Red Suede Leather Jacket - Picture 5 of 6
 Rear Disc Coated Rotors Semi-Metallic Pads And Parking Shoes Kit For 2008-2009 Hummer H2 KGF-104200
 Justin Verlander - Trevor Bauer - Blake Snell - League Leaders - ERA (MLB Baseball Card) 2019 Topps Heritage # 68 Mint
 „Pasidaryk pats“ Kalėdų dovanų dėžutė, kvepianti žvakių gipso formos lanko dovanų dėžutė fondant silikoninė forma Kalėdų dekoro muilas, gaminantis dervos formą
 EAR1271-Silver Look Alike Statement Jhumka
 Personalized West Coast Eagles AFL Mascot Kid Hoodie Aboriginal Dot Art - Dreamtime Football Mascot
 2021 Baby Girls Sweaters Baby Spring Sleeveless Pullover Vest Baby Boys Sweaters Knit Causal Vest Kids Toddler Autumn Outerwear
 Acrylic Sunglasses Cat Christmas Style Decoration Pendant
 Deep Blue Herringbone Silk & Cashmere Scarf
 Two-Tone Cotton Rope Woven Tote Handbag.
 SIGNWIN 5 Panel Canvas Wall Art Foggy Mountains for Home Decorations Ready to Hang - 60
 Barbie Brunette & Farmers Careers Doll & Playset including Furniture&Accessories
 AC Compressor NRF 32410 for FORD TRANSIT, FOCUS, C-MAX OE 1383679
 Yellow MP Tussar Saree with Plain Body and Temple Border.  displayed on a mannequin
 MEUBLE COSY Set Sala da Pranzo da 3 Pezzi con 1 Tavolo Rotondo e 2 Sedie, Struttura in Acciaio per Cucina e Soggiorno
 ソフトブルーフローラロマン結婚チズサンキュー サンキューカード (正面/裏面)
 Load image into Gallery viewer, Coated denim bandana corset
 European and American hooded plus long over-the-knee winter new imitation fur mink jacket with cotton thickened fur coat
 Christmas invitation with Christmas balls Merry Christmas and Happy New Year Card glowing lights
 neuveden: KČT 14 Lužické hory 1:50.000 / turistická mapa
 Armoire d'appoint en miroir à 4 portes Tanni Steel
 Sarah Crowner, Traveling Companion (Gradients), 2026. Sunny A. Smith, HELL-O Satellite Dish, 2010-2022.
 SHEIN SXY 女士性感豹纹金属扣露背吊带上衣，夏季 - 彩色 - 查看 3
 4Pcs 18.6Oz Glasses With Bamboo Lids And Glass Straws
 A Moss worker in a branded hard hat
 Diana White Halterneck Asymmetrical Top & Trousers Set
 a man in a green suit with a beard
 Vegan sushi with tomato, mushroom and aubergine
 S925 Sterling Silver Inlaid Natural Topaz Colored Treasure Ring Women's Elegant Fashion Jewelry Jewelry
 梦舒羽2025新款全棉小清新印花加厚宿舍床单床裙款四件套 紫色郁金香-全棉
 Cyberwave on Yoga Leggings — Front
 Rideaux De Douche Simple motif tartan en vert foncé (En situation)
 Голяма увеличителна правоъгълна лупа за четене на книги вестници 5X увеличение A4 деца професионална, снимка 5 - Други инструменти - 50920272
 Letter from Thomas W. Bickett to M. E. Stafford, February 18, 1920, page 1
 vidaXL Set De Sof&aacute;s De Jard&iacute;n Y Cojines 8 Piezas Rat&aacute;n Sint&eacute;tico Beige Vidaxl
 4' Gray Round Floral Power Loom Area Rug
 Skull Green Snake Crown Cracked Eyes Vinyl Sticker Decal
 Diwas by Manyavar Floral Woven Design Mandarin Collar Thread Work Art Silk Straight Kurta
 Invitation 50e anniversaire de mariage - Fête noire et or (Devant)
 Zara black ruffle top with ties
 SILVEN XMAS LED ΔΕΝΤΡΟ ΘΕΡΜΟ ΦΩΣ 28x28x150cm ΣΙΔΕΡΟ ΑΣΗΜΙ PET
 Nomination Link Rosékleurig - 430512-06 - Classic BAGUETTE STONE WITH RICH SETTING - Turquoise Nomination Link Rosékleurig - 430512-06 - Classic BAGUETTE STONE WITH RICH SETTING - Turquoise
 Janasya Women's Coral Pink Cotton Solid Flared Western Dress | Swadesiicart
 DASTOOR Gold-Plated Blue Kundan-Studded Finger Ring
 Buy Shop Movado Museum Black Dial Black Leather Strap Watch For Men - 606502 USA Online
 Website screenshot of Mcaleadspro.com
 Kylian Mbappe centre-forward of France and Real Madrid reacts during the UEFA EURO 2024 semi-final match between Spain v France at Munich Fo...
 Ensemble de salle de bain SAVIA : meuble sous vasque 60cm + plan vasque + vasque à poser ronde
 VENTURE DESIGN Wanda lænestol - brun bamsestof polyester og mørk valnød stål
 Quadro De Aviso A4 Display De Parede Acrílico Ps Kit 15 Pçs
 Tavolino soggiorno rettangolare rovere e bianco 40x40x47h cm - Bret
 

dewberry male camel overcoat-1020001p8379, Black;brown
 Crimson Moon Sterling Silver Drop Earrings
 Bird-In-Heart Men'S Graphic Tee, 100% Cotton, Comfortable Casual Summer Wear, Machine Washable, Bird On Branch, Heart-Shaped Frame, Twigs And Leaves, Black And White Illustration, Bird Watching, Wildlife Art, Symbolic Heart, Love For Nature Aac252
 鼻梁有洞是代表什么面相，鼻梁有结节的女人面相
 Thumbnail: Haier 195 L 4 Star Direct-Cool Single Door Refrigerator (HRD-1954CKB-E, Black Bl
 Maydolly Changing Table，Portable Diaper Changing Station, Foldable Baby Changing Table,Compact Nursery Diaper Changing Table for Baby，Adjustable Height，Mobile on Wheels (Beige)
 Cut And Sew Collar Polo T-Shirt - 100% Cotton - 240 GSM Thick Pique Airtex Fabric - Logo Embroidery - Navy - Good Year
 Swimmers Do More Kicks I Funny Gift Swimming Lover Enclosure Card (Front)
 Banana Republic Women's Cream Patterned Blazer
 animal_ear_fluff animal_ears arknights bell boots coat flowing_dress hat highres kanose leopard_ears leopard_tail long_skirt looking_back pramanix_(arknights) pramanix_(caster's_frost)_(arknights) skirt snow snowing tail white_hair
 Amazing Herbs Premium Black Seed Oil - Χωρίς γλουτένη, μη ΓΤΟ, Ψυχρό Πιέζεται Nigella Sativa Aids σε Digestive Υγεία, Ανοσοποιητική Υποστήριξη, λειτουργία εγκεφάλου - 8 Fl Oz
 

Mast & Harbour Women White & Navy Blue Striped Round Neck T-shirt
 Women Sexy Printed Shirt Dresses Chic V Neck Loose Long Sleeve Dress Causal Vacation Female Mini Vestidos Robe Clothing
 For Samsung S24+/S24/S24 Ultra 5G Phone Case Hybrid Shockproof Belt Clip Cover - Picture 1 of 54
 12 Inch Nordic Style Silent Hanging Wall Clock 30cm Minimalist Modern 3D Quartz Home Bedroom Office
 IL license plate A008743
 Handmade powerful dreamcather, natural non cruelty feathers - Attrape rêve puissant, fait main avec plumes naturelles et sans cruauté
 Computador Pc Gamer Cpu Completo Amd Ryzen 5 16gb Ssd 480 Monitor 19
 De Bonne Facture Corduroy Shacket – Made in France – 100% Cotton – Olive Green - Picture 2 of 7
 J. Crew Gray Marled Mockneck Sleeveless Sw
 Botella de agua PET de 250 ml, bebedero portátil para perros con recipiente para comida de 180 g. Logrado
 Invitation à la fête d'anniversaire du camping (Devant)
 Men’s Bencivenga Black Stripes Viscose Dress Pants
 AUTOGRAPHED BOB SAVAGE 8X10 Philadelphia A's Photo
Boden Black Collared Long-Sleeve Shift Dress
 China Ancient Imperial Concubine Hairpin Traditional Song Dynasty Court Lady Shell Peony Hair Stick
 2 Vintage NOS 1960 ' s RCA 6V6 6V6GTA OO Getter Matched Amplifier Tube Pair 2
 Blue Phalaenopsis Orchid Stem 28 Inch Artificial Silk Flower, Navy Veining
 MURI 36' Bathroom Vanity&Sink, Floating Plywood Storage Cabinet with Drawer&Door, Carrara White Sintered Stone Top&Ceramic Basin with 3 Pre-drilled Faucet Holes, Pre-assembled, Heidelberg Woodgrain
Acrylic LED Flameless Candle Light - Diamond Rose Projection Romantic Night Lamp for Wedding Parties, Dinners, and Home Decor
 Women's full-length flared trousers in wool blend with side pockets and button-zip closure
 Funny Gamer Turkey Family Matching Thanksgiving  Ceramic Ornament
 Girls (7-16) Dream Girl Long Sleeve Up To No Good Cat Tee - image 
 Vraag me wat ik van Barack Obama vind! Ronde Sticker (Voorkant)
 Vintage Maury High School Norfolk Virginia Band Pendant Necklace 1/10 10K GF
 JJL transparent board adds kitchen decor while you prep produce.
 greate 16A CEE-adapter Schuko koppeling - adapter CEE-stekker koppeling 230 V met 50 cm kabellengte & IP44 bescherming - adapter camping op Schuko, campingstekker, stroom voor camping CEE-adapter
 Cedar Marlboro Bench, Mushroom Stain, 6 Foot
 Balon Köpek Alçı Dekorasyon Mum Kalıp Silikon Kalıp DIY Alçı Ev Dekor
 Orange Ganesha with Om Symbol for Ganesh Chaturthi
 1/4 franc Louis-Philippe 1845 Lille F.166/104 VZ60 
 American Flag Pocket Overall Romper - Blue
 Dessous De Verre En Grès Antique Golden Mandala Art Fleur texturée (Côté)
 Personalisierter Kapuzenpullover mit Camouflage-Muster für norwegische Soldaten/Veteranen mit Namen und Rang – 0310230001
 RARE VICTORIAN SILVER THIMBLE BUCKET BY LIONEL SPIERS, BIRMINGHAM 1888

......

## Assignment
Look through the material above. Copy each line where the word "camping" appears.

## Solution to this problem
 Invitation à la fête d'anniversaire du camping (Devant)
 greate 16A CEE-adapter Schuko koppeling - adapter CEE-stekker koppeling 230 V met 50 cm kabellengte & IP44 bescherming - adapter camping op Schuko, campingstekker, stroom voor camping CEE-adapter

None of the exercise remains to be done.